But the new (ab)normal:: No dog; no firewood duties; no mountain trails to walk with friends. I’ll get back to (or near) my training weight come gardening season, but it bothers me to consider how things have gone to pot (belly) in the physical plant.
This decline, I realize now, is evident when I acknowledge it, also in my creative-civic-social fitness. This morning I ran across a set of “slides” I used for a talk about Floyd County’s possible response in the face of inevitable climate chaos. This was one a half dozen similar projects from the past couple of years that kept my mind active and challenged me to strive to deliver an informed and well-crafted face-to-face conversation in my community, subject to the view and judgement of my friends and neighbors.
I had accountability back then, and worked for the personal reward of a job well done, and for the conversations in the room and new acquaintances these talks would generate afterwards—usually including a neighborhood pot-luck meal.

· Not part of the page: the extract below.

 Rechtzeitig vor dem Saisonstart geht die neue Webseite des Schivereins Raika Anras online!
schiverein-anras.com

And so I’m realizing a new loss just now, having stumbled across these talks; and going on to remember 20 years of blog posts; and finding audio recordings of radio essays; and seven years of newspaper columns; and 35k images that each tell a story of a vital and engaged life.
And so left alone to follow the path dictated by neglect and indifference, I’m considering a possible future in which I am destined to be old, fat and dull.

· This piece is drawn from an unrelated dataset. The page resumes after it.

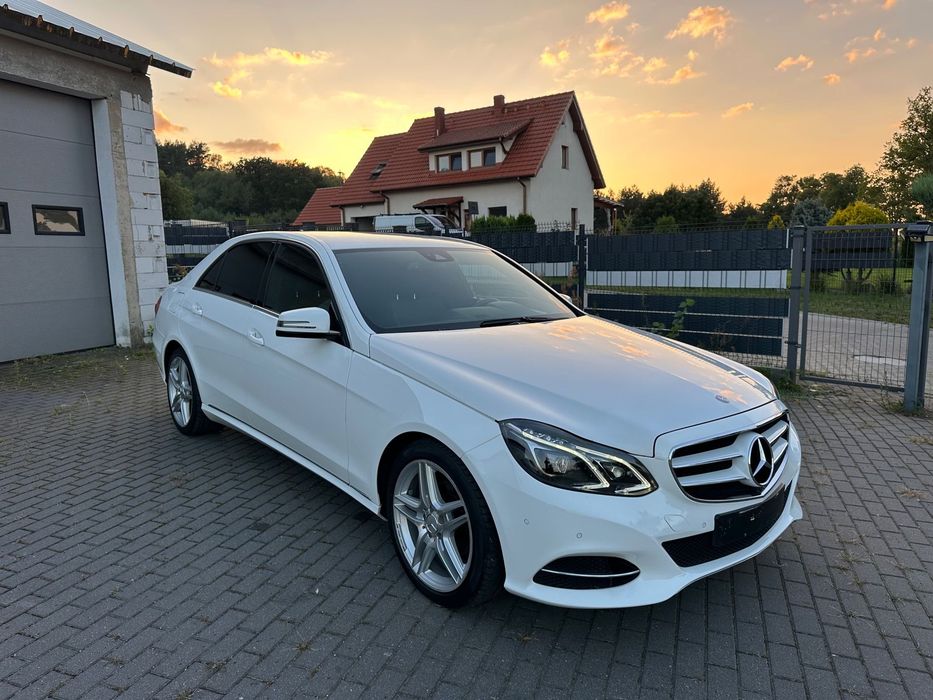Mercedes-Benz Klasa E W212 AMG Lift led xenon piękny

But wait! Save for the getting older part, I can intervene. I can shed the pounds and regain much of the stamina and drive in an age-appropriate way. And I can at least imagine a time when I rekindle the imagination, curiosity, enthusiasm and hope to jump back into the conversation—maybe even without a mask. And maybe, even, with a pot-luck!
I certainly hope when winter is gone the winter blahs will disappear also. Spring can’t help but get your juices flowing again!
The links etc. worked just fine. I have another critique however. The icon to post a comment is so faint that your old followers are very likely not seeing it. The old site with the big blue box to tap that said “comment” was much better. Non-tech savvy people might not even recognize the comment icon for what it is.